One of the themes that will be a recurring feature of this blog is that while writing may not be a lucrative game, it IS a long one. Dreaming of overnight success is the mark of an amateur. Look more closely at almost any writer who came "out of nowhere" and you'll find they have been writing for years. They may not have been published, but they have been learning their craft.

At the extreme end of this spectrum is German resistance fighter Hans Keilson, who fought the Nazis with the Dutch resistance and wrote a novel about his experiences 63 years ago. The Guardian reports that, at the age of 101, he has lived to see his book published in the UK for the first time, and has won belated recognition in the US as one of the greatest writers in the world.

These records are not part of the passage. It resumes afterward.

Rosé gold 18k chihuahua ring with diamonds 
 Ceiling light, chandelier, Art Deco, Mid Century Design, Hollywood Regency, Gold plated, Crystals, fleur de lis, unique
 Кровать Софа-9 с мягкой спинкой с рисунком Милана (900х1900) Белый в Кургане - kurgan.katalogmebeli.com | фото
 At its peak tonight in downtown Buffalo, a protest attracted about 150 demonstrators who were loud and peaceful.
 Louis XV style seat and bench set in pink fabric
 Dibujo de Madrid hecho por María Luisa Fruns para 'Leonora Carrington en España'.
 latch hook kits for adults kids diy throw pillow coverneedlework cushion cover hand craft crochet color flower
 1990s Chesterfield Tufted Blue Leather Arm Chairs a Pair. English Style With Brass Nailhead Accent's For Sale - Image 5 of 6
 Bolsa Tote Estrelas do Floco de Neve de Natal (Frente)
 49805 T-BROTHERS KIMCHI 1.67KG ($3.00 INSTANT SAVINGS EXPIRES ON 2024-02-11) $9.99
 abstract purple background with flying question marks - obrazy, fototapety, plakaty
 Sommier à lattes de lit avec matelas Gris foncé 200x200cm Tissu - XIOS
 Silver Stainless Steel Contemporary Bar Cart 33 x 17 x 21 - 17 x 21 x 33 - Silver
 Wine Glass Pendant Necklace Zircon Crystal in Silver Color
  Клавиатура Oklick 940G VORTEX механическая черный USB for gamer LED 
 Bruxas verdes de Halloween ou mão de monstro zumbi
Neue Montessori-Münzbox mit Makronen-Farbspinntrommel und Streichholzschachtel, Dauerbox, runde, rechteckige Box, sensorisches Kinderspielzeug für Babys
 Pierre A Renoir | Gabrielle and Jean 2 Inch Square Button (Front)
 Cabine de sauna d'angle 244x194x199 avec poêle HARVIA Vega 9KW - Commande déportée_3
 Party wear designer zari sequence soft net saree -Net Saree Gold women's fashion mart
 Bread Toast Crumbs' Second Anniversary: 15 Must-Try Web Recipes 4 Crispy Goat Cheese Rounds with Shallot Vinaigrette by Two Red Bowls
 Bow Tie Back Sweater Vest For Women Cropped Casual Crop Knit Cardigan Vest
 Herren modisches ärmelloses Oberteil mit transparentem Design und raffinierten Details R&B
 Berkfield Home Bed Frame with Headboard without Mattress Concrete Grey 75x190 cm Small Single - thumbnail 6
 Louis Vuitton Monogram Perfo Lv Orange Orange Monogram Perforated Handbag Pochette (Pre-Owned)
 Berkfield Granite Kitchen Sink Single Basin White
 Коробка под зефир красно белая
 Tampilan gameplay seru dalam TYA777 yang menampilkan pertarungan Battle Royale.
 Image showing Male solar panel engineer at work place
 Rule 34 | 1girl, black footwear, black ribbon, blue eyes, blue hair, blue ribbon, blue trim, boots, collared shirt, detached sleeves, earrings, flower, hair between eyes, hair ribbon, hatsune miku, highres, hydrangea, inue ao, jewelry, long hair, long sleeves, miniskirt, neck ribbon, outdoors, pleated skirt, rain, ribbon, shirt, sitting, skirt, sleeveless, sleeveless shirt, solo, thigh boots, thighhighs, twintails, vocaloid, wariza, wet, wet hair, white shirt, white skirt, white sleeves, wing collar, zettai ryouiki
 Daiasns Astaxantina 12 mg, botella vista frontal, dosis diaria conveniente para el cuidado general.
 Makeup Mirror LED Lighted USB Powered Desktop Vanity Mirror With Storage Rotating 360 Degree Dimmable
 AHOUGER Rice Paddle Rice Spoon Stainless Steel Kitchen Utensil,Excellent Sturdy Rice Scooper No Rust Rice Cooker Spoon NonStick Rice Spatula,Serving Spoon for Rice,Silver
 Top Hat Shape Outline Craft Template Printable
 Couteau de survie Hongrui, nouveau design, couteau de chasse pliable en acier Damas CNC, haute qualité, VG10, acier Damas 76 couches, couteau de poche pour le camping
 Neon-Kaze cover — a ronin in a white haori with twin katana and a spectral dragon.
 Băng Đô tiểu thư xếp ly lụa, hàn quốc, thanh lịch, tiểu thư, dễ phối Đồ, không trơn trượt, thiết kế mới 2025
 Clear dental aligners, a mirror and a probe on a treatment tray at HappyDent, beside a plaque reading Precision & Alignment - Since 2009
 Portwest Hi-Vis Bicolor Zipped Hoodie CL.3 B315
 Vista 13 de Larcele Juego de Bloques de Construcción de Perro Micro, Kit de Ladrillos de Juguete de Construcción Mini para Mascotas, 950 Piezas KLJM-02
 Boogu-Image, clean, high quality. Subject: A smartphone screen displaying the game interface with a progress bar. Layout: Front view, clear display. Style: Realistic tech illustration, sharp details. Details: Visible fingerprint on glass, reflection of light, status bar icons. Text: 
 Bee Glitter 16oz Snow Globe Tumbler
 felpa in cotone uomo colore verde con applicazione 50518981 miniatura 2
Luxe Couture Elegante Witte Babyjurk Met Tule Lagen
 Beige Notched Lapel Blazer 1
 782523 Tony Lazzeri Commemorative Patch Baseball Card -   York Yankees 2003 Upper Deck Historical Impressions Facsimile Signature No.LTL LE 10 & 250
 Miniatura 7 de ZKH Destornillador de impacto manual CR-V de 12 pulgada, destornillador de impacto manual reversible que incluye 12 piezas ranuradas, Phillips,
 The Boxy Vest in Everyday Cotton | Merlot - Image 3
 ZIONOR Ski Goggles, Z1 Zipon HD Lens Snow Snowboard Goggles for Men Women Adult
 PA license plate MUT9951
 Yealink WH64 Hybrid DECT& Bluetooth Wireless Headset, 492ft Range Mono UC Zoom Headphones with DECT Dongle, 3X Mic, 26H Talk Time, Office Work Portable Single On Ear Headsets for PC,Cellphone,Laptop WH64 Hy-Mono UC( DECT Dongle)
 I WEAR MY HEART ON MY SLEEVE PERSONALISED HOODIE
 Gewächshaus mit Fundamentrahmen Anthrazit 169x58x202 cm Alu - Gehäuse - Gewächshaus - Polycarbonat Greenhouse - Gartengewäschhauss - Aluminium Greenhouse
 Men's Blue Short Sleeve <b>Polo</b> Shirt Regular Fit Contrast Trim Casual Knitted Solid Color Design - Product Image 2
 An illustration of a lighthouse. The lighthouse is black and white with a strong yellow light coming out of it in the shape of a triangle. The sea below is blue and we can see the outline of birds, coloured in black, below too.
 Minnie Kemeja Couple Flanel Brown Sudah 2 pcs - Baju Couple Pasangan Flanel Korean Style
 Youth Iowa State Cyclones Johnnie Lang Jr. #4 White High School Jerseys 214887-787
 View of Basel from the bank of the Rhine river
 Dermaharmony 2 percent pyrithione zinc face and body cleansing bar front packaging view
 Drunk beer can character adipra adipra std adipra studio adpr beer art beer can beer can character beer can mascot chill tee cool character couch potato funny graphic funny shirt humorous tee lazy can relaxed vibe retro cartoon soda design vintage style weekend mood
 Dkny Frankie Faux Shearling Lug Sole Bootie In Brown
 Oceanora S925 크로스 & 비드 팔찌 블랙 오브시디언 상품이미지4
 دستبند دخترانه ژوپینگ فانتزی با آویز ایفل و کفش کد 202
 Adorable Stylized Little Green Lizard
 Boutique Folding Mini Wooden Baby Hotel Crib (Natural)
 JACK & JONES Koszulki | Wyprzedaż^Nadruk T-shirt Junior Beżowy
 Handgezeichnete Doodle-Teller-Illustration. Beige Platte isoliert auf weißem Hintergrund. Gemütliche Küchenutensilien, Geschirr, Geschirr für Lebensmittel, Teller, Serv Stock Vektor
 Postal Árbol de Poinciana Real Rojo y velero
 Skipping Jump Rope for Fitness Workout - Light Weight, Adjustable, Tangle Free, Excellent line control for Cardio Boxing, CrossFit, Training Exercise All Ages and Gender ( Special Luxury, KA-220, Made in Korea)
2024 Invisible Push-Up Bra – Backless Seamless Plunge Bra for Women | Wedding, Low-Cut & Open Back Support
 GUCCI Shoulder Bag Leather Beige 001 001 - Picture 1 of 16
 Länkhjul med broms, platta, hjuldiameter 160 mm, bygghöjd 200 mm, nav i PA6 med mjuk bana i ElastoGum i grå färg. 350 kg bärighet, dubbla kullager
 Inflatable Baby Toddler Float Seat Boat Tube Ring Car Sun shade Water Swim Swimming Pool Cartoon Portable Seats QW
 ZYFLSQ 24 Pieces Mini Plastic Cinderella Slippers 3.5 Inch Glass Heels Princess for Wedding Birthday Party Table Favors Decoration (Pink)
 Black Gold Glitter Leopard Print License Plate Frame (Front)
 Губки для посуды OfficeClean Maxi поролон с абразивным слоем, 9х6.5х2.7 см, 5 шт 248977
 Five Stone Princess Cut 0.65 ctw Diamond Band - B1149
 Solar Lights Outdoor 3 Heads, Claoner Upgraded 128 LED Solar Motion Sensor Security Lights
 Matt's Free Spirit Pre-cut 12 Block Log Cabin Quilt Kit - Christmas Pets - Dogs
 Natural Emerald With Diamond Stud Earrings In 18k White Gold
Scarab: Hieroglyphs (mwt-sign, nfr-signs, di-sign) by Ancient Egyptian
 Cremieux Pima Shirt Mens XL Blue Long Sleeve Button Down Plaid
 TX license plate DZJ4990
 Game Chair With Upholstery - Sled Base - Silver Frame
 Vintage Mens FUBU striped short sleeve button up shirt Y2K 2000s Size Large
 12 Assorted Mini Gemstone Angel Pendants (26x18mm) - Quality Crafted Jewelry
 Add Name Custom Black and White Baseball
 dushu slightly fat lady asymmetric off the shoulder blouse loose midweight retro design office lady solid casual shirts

His book Comedy in a Minor Key, follows the best selling success of an earlier novel The Death of the Adversary, published in the US when he was 100. So, if you think you a bit old to get started in the writing game, take heart. And some vitamin supplements - you may need to stick around for some time...

Sunday, 17 October 2010


Sifting through the various feeds and newsletters that fill my inbox with information about The World of Publishing. Hmm.

Serial killer fiction still the staple of escapist thrillers. (Why is reading about women being tortured in cellars a primary form of relaxation in Equality Britain? Answers please!) Amazon have new digital platform for short stories. (Need to get my head round this, will be back to you on this when I understand it properly.) The Frankfurt Book fair has been and gone and was busier than expected. (Went to the London Book Fair last year and it was curiously similar to any other trade fair, with that curious non-atmosphere and a general mood of caffeine-fuelled claustrophobia.)

Here’s a news item for you: J.K. Rowling has been voted the most influential woman in Britain by National Magazines, publishers of Cosmo and similar fat glossies. (But then again, Forbes magazine says Michelle Obama is the most influential woman in the whole world, so marrying Barack trumps inventing Harry. Or perhaps her upper arms are just more toned.)

Deep breath….and relax. This is the stuff of migraine.  I have a writer friend in California who goes through a little ritual every time he sits down to write. He closes his eyes, then focuses on Famous Writer info, self-doubt, accumulated put-downs, unease about his lack of ability, self-doubt, EPA (Empty Page Anxiety) and general white noise. Then he imagines a black box, opens it, puts all this fizzing doubt inside and sends it into outer space.

Saturday, 16 October 2010

Money for old jokes?

Big literary news item of the week is of course that Howard Jacobson got the Booker for The Finkler Question, a novel which had mixed reviews, and certainly wasn’t the bookie’s favourite to win.  Lifetime achievement award, or overdue recognition of comic writing from the literary establishment? (I'll let you know when I've read it - still got last year's winner Wolf Hall on my bedside table, to be honest.)

If comic writing has been overlooked by prize judges, it certainly hasn’t been ignored by commercial publishers – the latest stand up to benefit from this is Michael McIntyre who (perhaps unwisely) informed interviewer Lynn Barber in a Sunday Times interview that he received a £2m advance from Michael Joseph for his memoir Life and Laughing.  (All the way to the bank?)

Depressed, moi? Professional writers do not get depressed when our authorial colleagues are a. garnered with awards or b.given shed-loads of money. No. We apply the biro to the page, and press on.

Friday, 15 October 2010

I write therefore I am.

What is a "proper" writer, anyway? Someone who writes, silly. The rest is about being picked, packaged and trussed up in Waterstones with the three-for-twos. (If you're lucky.) As you are reading this, you are probably one yourself. If so, make sure you do that thing today.

Write some words. Go on. I just did, and it didn't hurt a bit.